Gemma L. Hoyle

Adaptive plasticity and epigenetic variation in response to warming in an Alpine plant

Environmentally induced phenotypic plasticity may be a critical component of response to changing environments. We examined local differentiation and adaptive phenotypic plasticity in response to elevated temperature in half-sib lines collected across an elevation gradient for the alpine herb, Wahlenbergia ceracea. Using Amplified Fragment Length Polymorphism (AFLP), we found low but significant genetic differentiation between low- and high-elevation seedlings, and seedlings originating from low elevations grew faster and showed stronger temperature responses (more plasticity) than those from medium and high elevations. Furthermore, plasticity was more often adaptive for plants of low-elevation origin and maladaptive for plants of high elevation. With methylation sensitive-AFLP (MS-AFLP), we revealed an increase in epigenetic variation in response to temperature in low-elevation seedlings. Although we did not find significant direct correlations between MS-AFLP loci and phenotypes, our results demonstrate that adaptive plasticity in temperature response to warming varies over fine spatial scales and suggest the involvement of epigenetic mechanisms in this response.

Soil warming increases plant species richness but decreases germination from the alpine soil seed bank

Global warming is occurring more rapidly above the treeline than at lower elevations and alpine areas are predicted to experience above average warming in the future. Temperature is a primary factor in stimulating seed germination and regulating changes in seed dormancy status. Thus, plant regeneration from seed will be crucial to the persistence, migration and post disturbance recruitment of alpine plants in future climates. Here, we present the first assessment of the impact of soil warming on germination from the persistent alpine soil seed bank. Contrary to expectations, soil warming lead to reduced overall germination from the soil seed bank. However, germination response to soil temperature was species specific such that total species richness actually increased by nine with soil warming. We further explored the system by assessing the prevalence of seed dormancy and germination response to soil disturbance, the frequency of which is predicted to increase under climate change. Seeds of a significant proportion of species demonstrated physiological dormancy mechanisms and germination of several species appeared to be intrinsically linked to soil disturbance. In addition, we found no evidence of subalpine species and little evidence of exotic weed species in the soil, suggesting that the soil seed bank will not facilitate their invasion of the alpine zone. In conclusion, changes in recruitment via the alpine soil seed bank can be expected under climate change, as a result of altered dormancy alleviation and germination cues. Furthermore, the alpine soil seed bank, and the species richness therein, has the potential to help maintain local species diversity, support species range shift and moderate species dominance. Implications for alpine management and areas for further study are also discussed.

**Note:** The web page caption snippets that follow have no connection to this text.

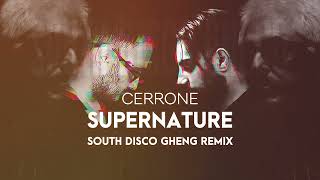 Cerrone - Supernature (South Disco Gheng Extended)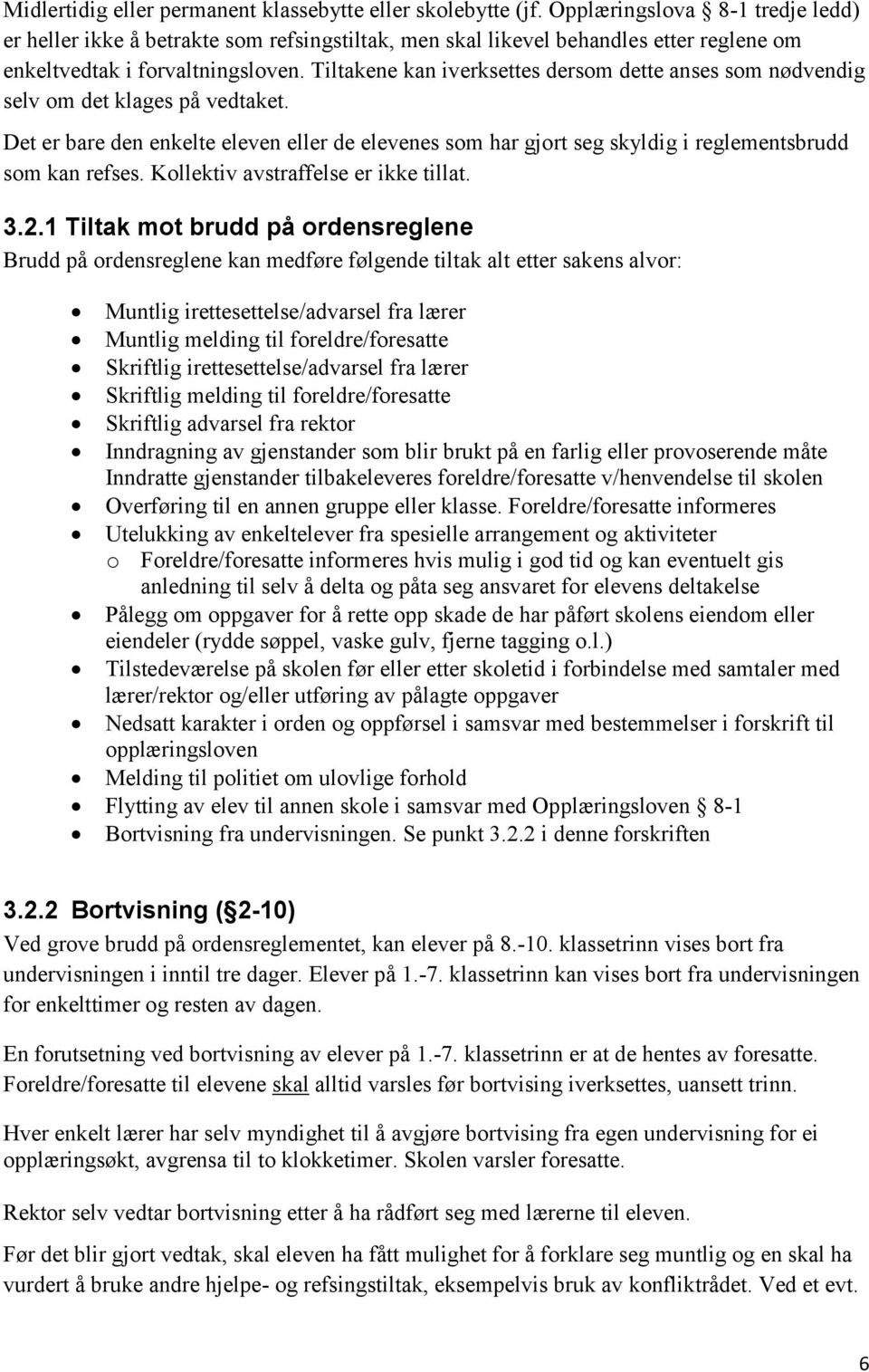 Tiltakene kan iverksettes dersom dette anses som nødvendig selv om det klages på vedtaket. Det er bare den enkelte eleven eller de elevenes som har gjort seg skyldig i reglementsbrudd som kan refses.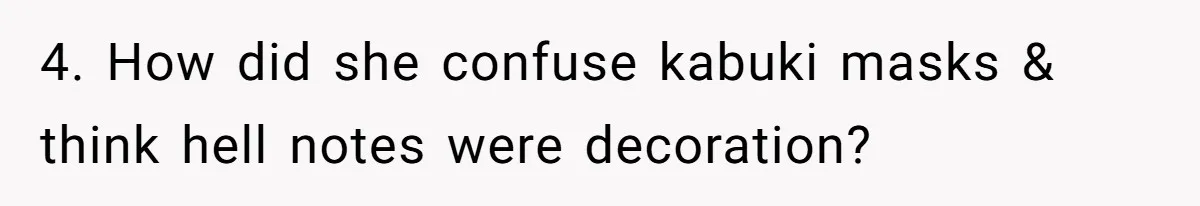 4. How did she confuse kabuki masks & think hell notes were decoration?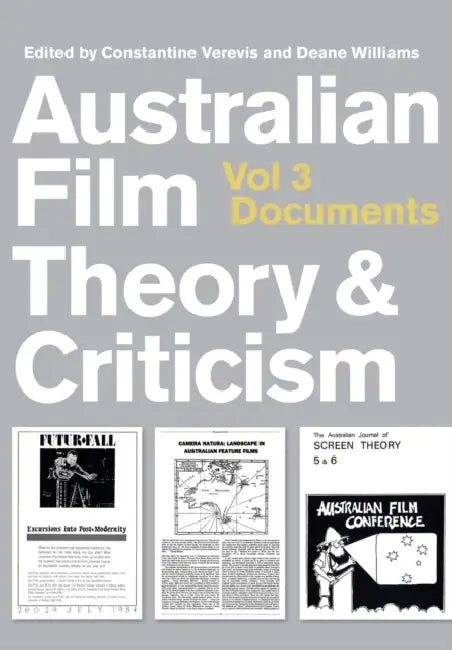 Australian Film Theory and Criticism: Volume 3: Documents by Deane Williams, Constantine Verevis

Pre- and Post-harvest Influences on Seed Dormancy Status of an Australian Goodeniaceae species, Goodenia fascicularis

BACKGROUND AND AIMS The period during which seeds develop on the parent plant has been found to affect many seed characteristics, including dormancy, through interactions with the environment. Goodenia fascicularis (Goodeniaceae) seeds were used to investigate whether seeds of an Australian native forb, harvested from different environments and produced at different stages of the reproductive period, differ in dormancy status. METHODS During the reproductive phase, plants were grown ex situ in warm (39/21 degrees C) or cool (26/13 degrees C) conditions, with adequate or limited water availability. The physiological dormancy of resulting seeds was measured in terms of the germination response to warm stratification (34/20 degrees C, 100 % RH, darkness). KEY RESULTS Plants in the cool environment were tall and had high above-ground biomass, yet yielded fewer seeds over a shorter, later harvest period when compared with plants in the warm environment. Seeds from the cool environment also had higher viability and greater mass, despite a significant proportion (7 % from the cool-wet environment) containing no obvious embryo. In the warm environment, the reproductive phase was accelerated and plants produced more seeds despite being shorter and having lower above-ground biomass than those in the cool environment. Ten weeks of warm stratification alleviated physiological dormancy in seeds from all treatments resulting in 80-100 % germination. Seeds that developed at warm temperatures were less dormant (i.e. germination percentages were higher) than seeds from the cool environment. Water availability had less effect on plant and seed traits than air temperature, although plants with reduced soil moisture were shorter, had lower biomass and produced fewer, less dormant seeds than plants watered regularly. CONCLUSIONS Goodenia fascicularis seeds are likely to exhibit physiological dormancy regardless of the maternal environment. However, seeds collected from warm, dry environments are likely to be more responsive to warm stratification than seeds from cooler, wetter environments.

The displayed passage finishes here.